İsrailoğullarına gönderilen peygamberlerden. Nesebinin İlyas bin Yasin bin Ayzar bin Harun olduğu rivayet edilmiş olup, Harun ın neslindendir. Musa ın vefatından sonra, onun dinini devam ettirmek üzere Yuşa , İsrailoğullarına peygamber olarak gönderildi. Yuşa , Eriha şehrini ve diğer Filistin topraklarını fethedip, buraları İsrailoğulları kabileleri arasında paylaştırdı. Bundan sonra, İsrailoğullarından her kabile, kendi başına hareket etmeye başladı. Nihayet Hazkil peygamber olarak gönderildi.
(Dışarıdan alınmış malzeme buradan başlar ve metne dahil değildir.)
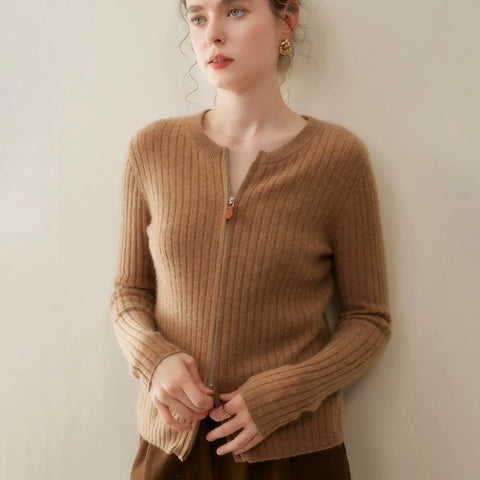 Women's Slim Fit Round Neck Knit Sweater Cashmere Blend Ribbed Zip Cardigan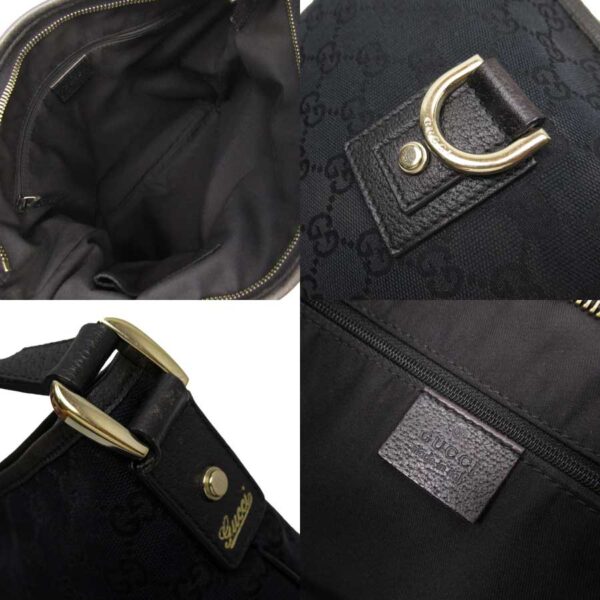 t16661a 2 Gucci GG Canvas Leather Crossbody Shoulder Bag Black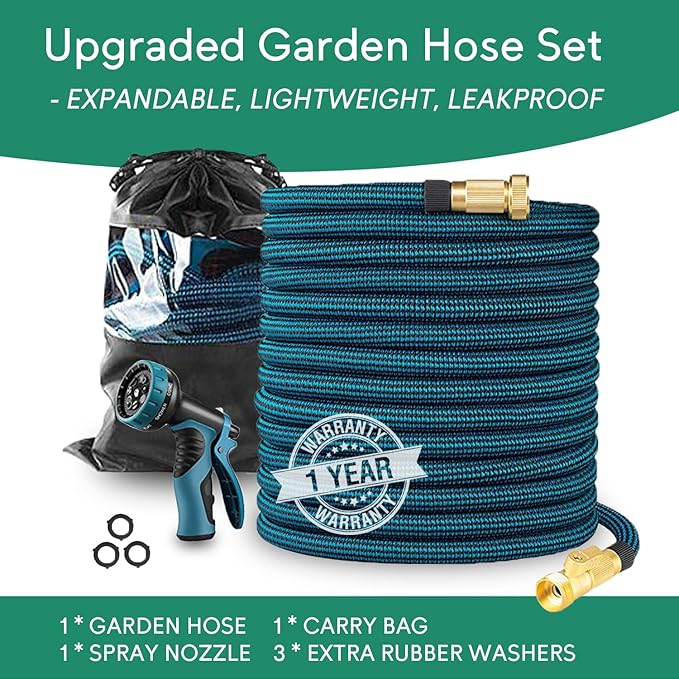 100 ft Expandable Garden Hose, 2025 New Ultra Lightweight & Flexible Water Hose with 10 Pattern Spray Nozzle, Leak-Proof Solid Brass Fittings, High-Density Outer Fabric & Durable Latex Core, No Kink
Tevratın hükümlerini unutan ve bunlara uymayan İsrailoğullarını uyarmak ve onları Tevratın hükümlerine tabi kılmak için tebliğde bulundu. Hazkil dan sonra da, İsrailoğullarına, İlyas peygamber olarak gönderildi. İsrailoğulları Filistin topraklarını elde edince, kabilelerden biri de Balbekde yerleşti. İlyas Balbekde yerleşen Beni İsrail kabilesine peygamber gönderildi. O zamanda Balbekde hüküm süren zalim bir hükümdar vardı. Bal adını verdiği altından bir put yapmıştı. Halkı bu puta tapmaya zorlardı. Rivayete göre, bulundukları beldenin ismi (Bek) iken bu putun ismi ile birleştirilerek Balbek demişlerdir.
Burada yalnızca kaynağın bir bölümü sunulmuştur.